▶ [Collected material]:
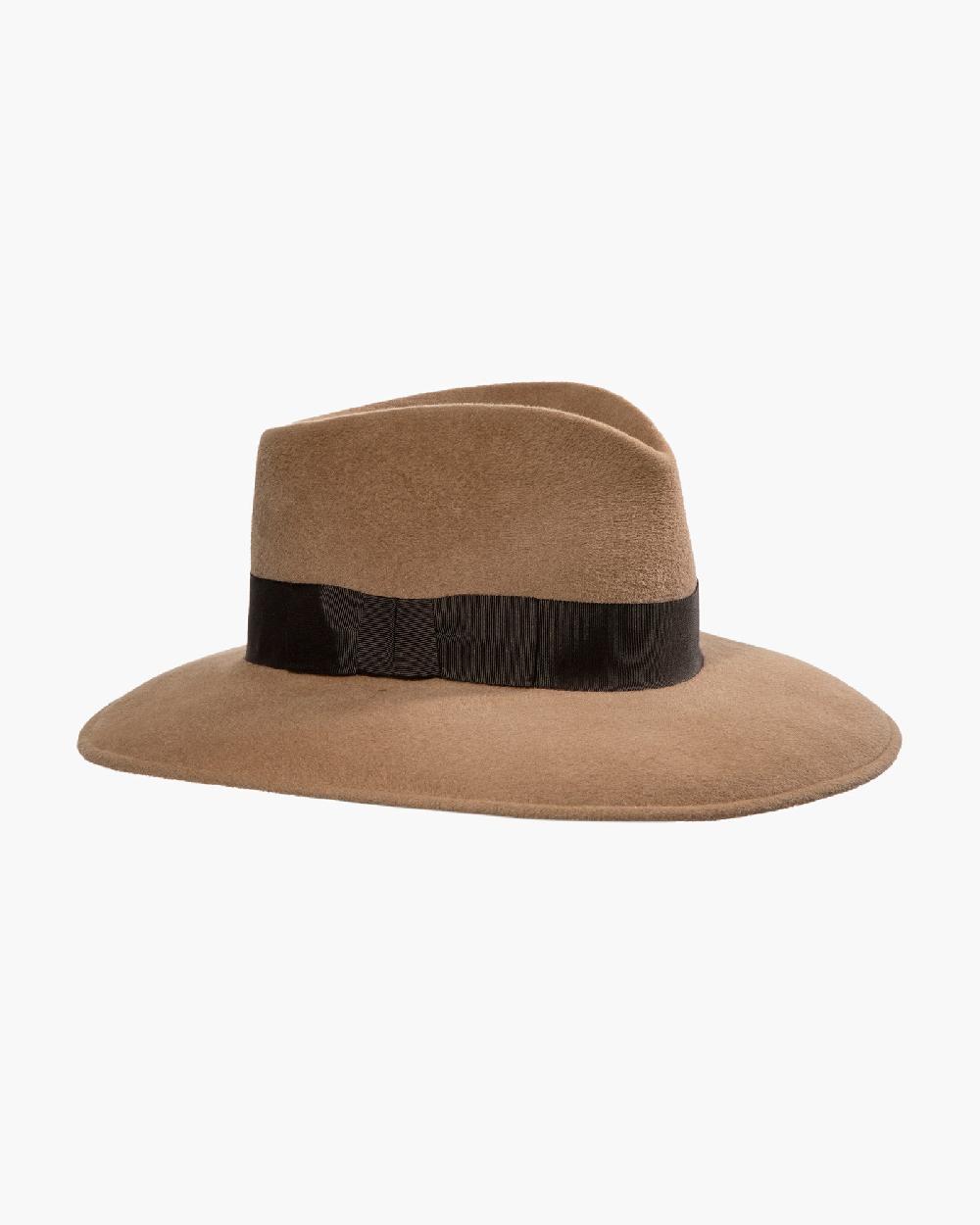 Eric Javits Wool Zora Felt Fedora Hat Camel/Brown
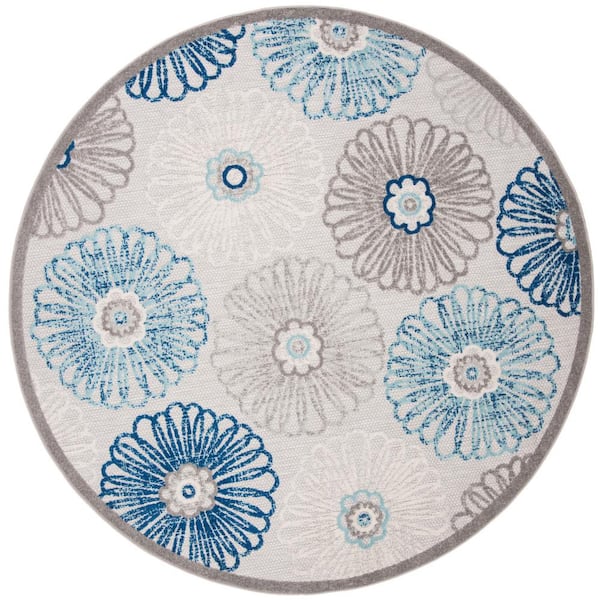 SAFAVIEH Cabana Gray/Blue Doormat 3 ft. x 3 ft. Border Floral Indoor/Outdoor Patio Round Area Rug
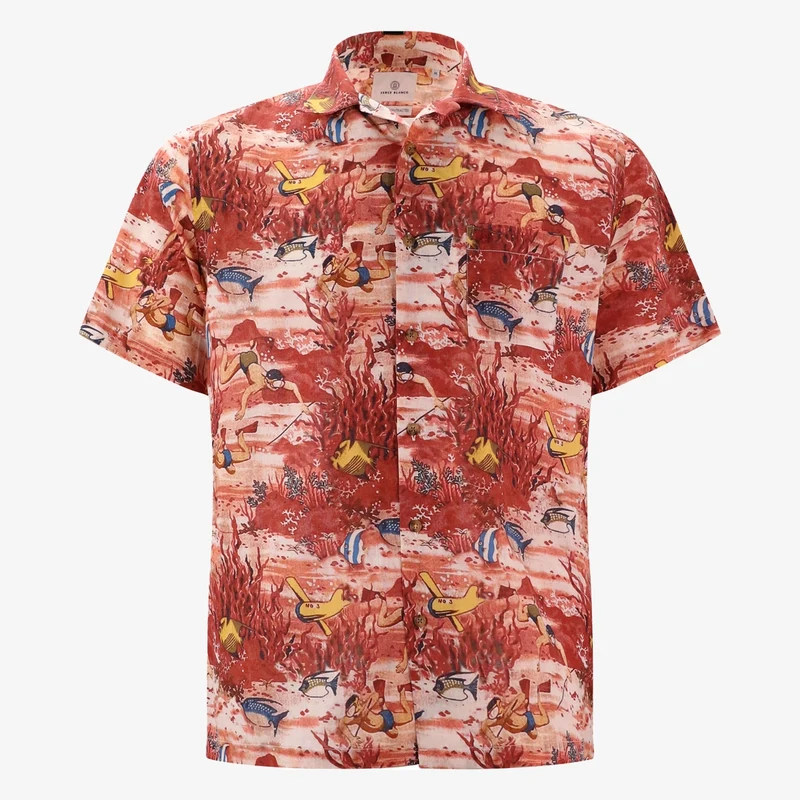Chemise manches courtes imprimée brique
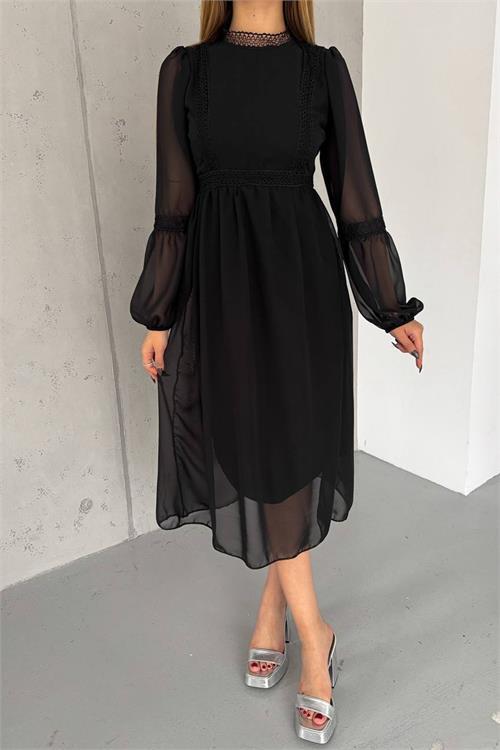 Dipmoda kadın siyah midi boy astarlı şifon elbise NBK2024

▶ [Task item]: Leave out all pictures, then copy the remaining material exactly.

▶ [Your response]:
 Eric Javits Wool Zora Felt Fedora Hat Camel/Brown
 SAFAVIEH Cabana Gray/Blue Doormat 3 ft. x 3 ft. Border Floral Indoor/Outdoor Patio Round Area Rug
Chemise manches courtes imprimée brique
 Dipmoda kadın siyah midi boy astarlı şifon elbise NBK2024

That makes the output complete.